Default CORS handling for beacon requests
Browsers enforce the same-origin policy, which by default allows scripts to send requests only to the same origin. To send cross-origin requests, Cross-Origin Resource Sharing (CORS) must be used. It allows servers to specify which origins are permitted to access them. Therefore, cross-origin beacons need to be sent using CORS.
In its default CORS handling, the beacon endpoint accepts all origins by adding an Access-Control-Allow-Origin header to the response. The header echoes the origin provided in the Origin request header. The endpoint then forwards the beacon payload to Dynatrace.
If you send cross-origin beacons to OneAgent, you must turn on the setting Send beacon data via CORS for the Access-Control-Allow-Origin header to be added; see Send beacons to a different web server.
If the permissive default doesn’t align with your requirements, use the beacon origin allowlist to specify which origins are accepted.

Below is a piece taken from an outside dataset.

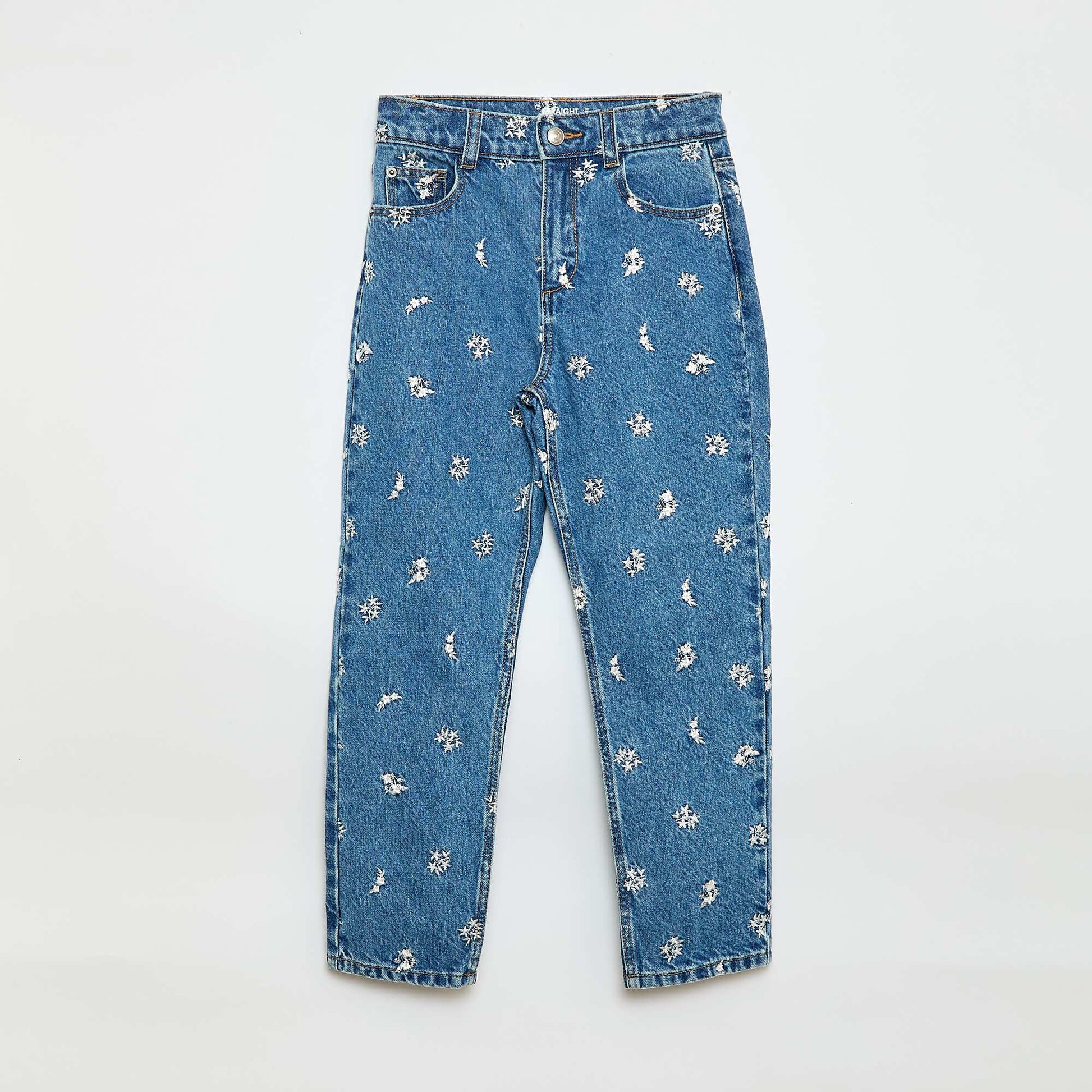 Pantalon droit en denim avec motif BLEU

Add rules to the beacon origin allowlist
To specify from which origins OneAgents and Cluster ActiveGates should accept RUM beacons, add rules to the beacon origin allowlist.
As soon as you add the first rule, any frontend that doesn’t match it will stop collecting RUM data unless its beacons are sent to the same origin and handled by OneAgent.

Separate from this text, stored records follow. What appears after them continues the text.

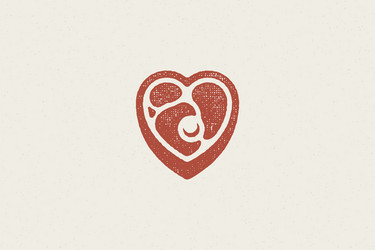 heart shaped pieced fresh meat steak silhouette vector image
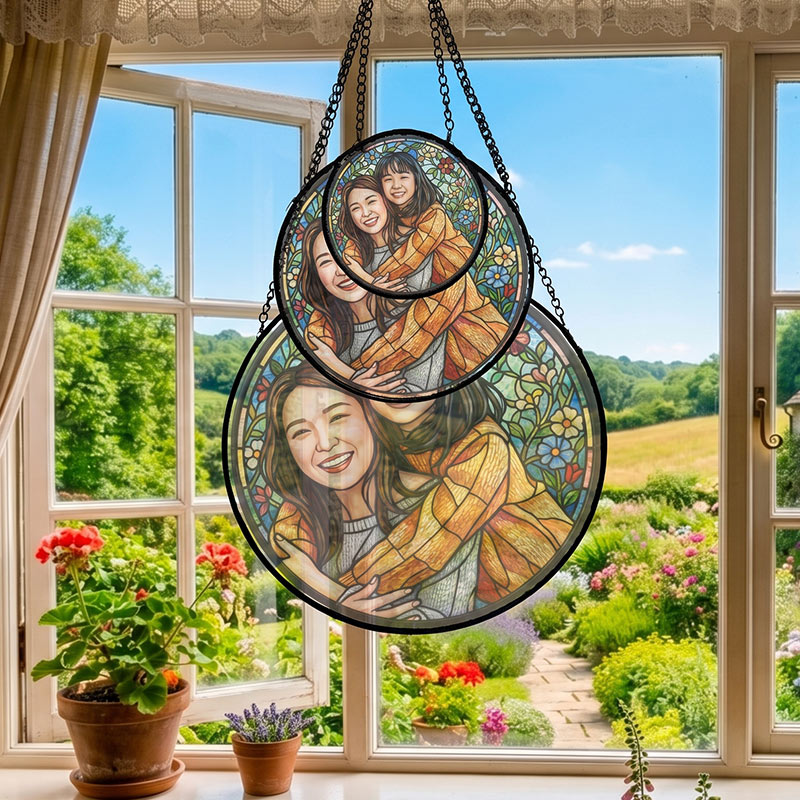 Persnalized Sun Catcher Mom Daughter Gift Custom Floral Stained Glass Portrait Photo Window Art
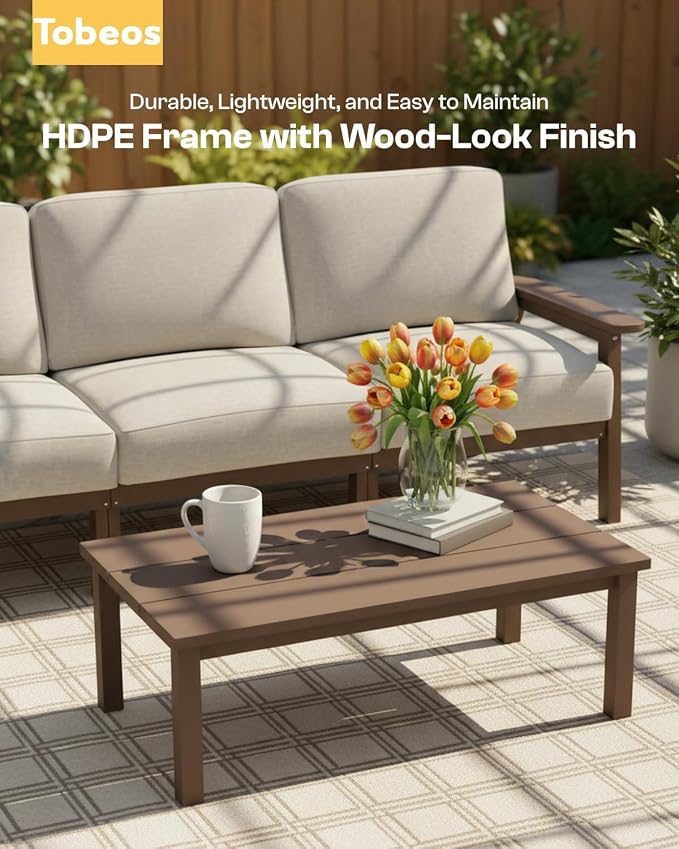 HDPE Patio Furniture Set 8 Seats, Outdoor Couch with Washable Thick Beige Cushions & Side Table, Outdoor Sectional Furniture for Backyard, Deck, Lawn, Porch (Brown Frame)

To add a beacon origin rule
- Go to
Settings > Collect and capture > Real User Monitoring > Frontend > Beacon origins for CORS. - Select Add item.
- Under Matcher, select contains, starts with, ends with or equals.
- Under Pattern, provide a pattern that identifies the origin or origins the rule should accept. An origin consists of the protocol, host, and port; default ports are omitted.
You can add up to 20 beacon origin rules per environment.
How the beacon origin allowlist is applied
If the beacon's origin specified in the Origin request header matches one of the rules in the allowlist, the beacon is accepted. The origin is copied to the Access-Control-Allow-Origin response header, and a 200 OK status code is returned. The beacon payload is forwarded to Dynatrace.
If, on the other hand, the origin doesn't match any rule in the allowlist, the beacon is rejected with a 403 Forbidden status code and its payload is discarded.
The beacon origin allowlist isn't applied to same-origin beacons. If the allowlist is empty, the default behavior described in Default CORS handling for beacon requests is applied.